How to Prepare and How to Receive
What you will need to have set out in advance at home is some bread and some wine or grape juice. If you wish to bake from Grace’s communion bread recipe, it can be found on p. 11 of the newsletter, but any ordinary bread will do. Please use elements that are familiar to you from receiving Communion in the past and will not compromise your sense of reverence around the sacrament
Wait to eat and drink until I have spoken the Words of Institution and we have prayed the Lord’s Prayer. (Do not think of these words as magic words going through your radio or computer, but simply Christ’s own words of promise declared to you with a “bigger microphone.”) We will all receive together simultaneously, first the bread, then the cup, when I say “Given for you” and “Shed for you.” If you have others in your household you would like to repeat these words to and serve, you may do so.
After worship has ended, if you have extra bread and wine from your “altar,” I recommend you consume it.

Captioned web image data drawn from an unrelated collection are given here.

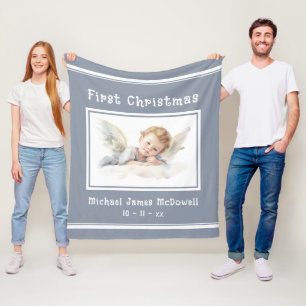 Child's First Christmas Baby Angel Fleece Blanket
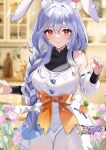  1girl animal_ear_fluff animal_ears apron blue_hair blush braid braided_ponytail breasts felielle hololive long_hair looking_at_viewer mature_female multicolored_hair pekomama rabbit_ears rabbit_girl red_eyes short_eyebrows smile solo thick_eyebrows virtual_youtuber white_hair 
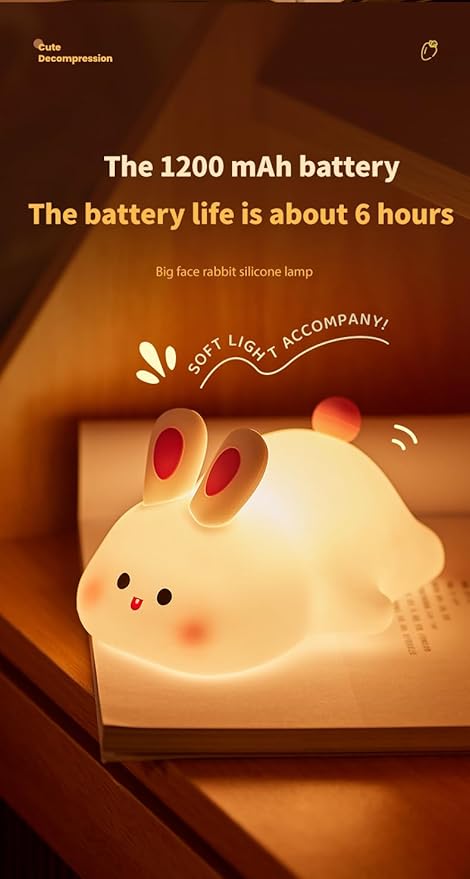 ATSUI Rabbit Night Light, LED Squishy Novelty Animal Night Lamp, Food Grade Silicone 3 Level Dimmable Nursery Nightlight for Desk Decor, Funny Gifts Stuff for Boys Girls Baby, White Elephant Gifts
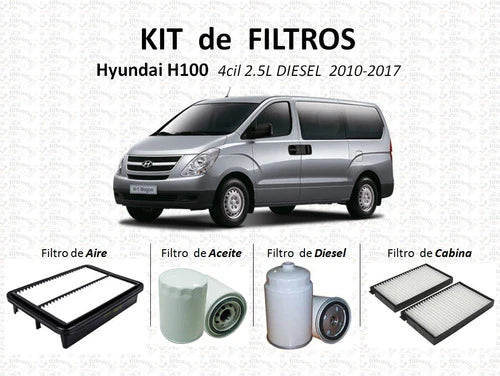 Hyundai H100 Diesel Tipo Van - Kit Completo De Filtros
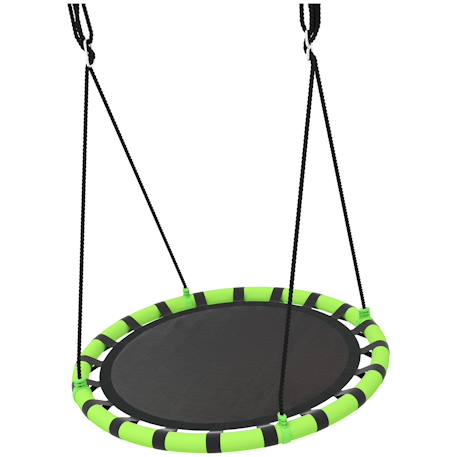 Balançoire nid d'oiseau ronde balançoire panier dia. 1 m 4 anneaux cordages inclus Vert 5 - vertbaudet enfant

This is a normal practice in many congregations and it seems more fitting in this situation than the alternative of returning it to the earth, e.g. to a tree in your yard.
Finally, I would ask that you only participate live during the service proper and not in conjunction with a recording later (though available on Facebook or YouTube). Ours is a predicament of space and we have no need to impose further degrees of separation in time.

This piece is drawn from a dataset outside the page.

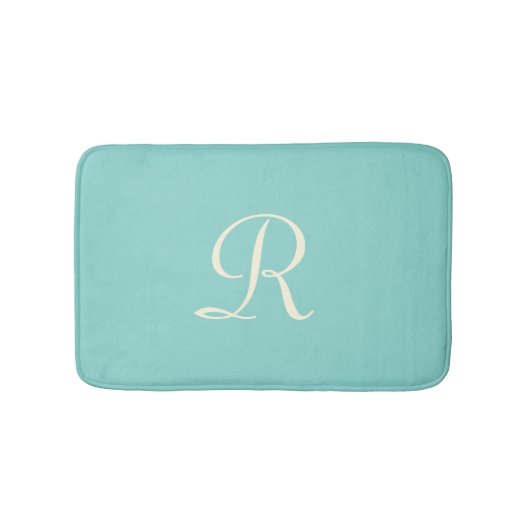 Tapis De Bain Plush minimaliste monogramme vert mer (Devant)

As long as we are confined to our homes (at least through May 26th now) on the Lord’s Day, we will observe a once-a-month pattern for Communion. The next “Communion Sunday” would be May 24 (7th Sunday of Easter; 9am Summer Schedule), when our Gospel includes this prayer of Jesus for his disciples: “Holy Father, protect them in your name that you have given me, so that they may be one, as we are one” (John 17:11).
Is This Real or Just “Virtual” Communion?
Finally, I am aware that some in the wider conversation in the ELCA at this time have referred to the practice I have described, sometimes pejoratively, as “virtual” Communion. Let’s not call it that. Where God’s Word is present together with the physical eating and drinking, we truly have Christ and the forgiveness of sins.
At the same time, I expect that in sharing the sacrament while not all physically together, we will feel both unified by the Spirit and painfully absent from one another. This paradox of presence and absence is always part of the experience of the Supper—we have Christ and yet long more deeply to see him face-to-face. Now we will taste that same paradox in terms of the church, the body of Christ.
Our physical presence to one another in the Lord’s supper is important, but this is an extreme situation calling for an extraordinary means of reception. After this time of isolating has mercifully come to an end, so too will celebrating Communion via the internet or airwaves.
For now, however, what must be proclaimed is the compassion of God for the hungry and thirsty. And what does God do for God’s people in the desert? Does he mandate for them a continual fast, until they can arrive at the land of promise? No. The simple truth is He feeds them.
Pastor Mark Williamson
The Rev. Mark Williamson was formerly on the roster of the Metropolitan Chicago Synod and a member of the board of Let’s Talk. He now serves as pastor of Grace Lutheran Church in Dodgeville, WI.